To that effect, Michael Gerson recently offered a brief analysis, lament, and general way forward, one that seems to me both timeless and, to some extent, specific to our own generation. And it’s one that fits well into what Hunter calls “affirmation and antithesis” (or what I call incarnation and cultivation qua witness):

There is a perfectly good set of Christian tools to deal with situations such as these: remorse, repentance, forgiveness, reformation.

The collapse of one disastrous form of Christian social engagement should be an opportunity for the emergence of a more faithful one. And here there are plenty of potent, hopeful Christian principles lying around unused by most evangelicals: A consistent and comprehensive concern for the weak and vulnerable in our society, including the poor, immigrants and refugees. A passion for racial reconciliation and criminal justice reform, rooted in the nonnegotiable demands of human dignity. A deep commitment to public and global health, reflecting the priorities of Christ’s healing ministry. An embrace of political civility as a civilizing norm. A commitment to the liberty of other people’s religions, not just our own. An insistence on public honesty and a belief in the transforming power of unarmed truth.

This seems quite obviously right to me, and it seems very closely related to Hunter’s “theology of faithful presence.” But there is one problem with it. Hunter points out in his book what Peter Berger calls “plausibility structures”: the social conditions that make certain beliefs credible and intelligible to a person who holds them.

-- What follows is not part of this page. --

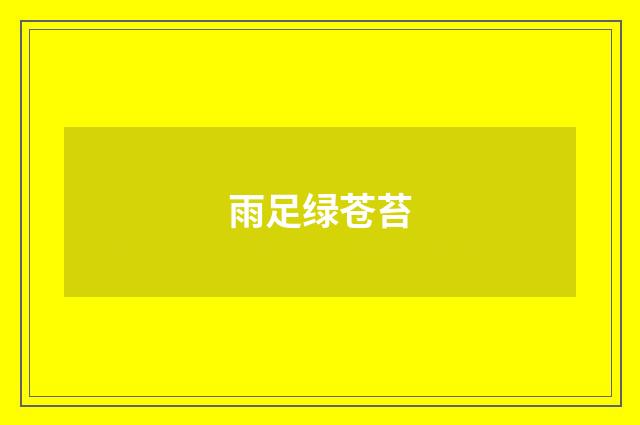 雨足绿苍苔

Right now the bulk of the evangelical vox populi, at least among white evangelicals, is dominated by a plausibility structure that bears very little if any resemblance to a Christ-like social/political engagement. Put simply: remorse, repentance, forgiveness, and reformation are not its hallmarks, if they even make the fine print anymore. Shamelessness, self-assurance, retribution, subversion—these seem to make up the new quadrilateral for “evangelicals.”

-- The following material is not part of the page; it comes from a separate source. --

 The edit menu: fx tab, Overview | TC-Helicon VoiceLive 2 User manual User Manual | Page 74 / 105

I truly do not know a way to change this, and if I’m being honest, I’ve given up trying to find it. My own plausibility structure for Christian faith consists, in part, of a small handful of friends, a list of which I could count on one hand. The rest is almost entirely made up of books by authors who, if they’re even still alive, I have never met or spoken with and who almost no one else I know reads. (These include George Hunsinger, Mark Noll, Gilbert Meilaender, Miroslav Volf, Marilynne Robinson, Frederick Buechner, Flannery O’Connor, Christian Wiman, Alan Jacobs, and David French to name a few.)

More than anything, these folks seem to me to see their role as Christians not as promoting some ethic or denouncing another, but as primarily seeking to display God’s faithful presence in Jesus. As Hunter describes it:

Pursuit [of], identification [with], the offer of life through sacrificial love—this is what God’s faithful presence means. It is a quality of commitment that is active, not passive; intentional, not accidental; covenantal, not contractual.

Hunter also points out, in at least a partial echo of Dietrich Bonhoeffer’s Life Together, that “we must be fully present to each other within the community of faith and fully present to those who are not.” I’m no expert on Bonhoeffer, but it seems like in his later years he was more focused on the second half of that objective.

If the “community of faith” seems more intent on loving itself—while, of course, it fights valiantly against its (often self-created) enemies in the (often self-created) culture war—then are Christians justified in, to some extent, turning their backs on the church—or, less dramatically, turning their attention from it— in order to live among and love those “outside” the community of faith—to “affirm” their neighbors while living out the “antithesis”?

I don’t know the answer to that question, but it’s where I’m at.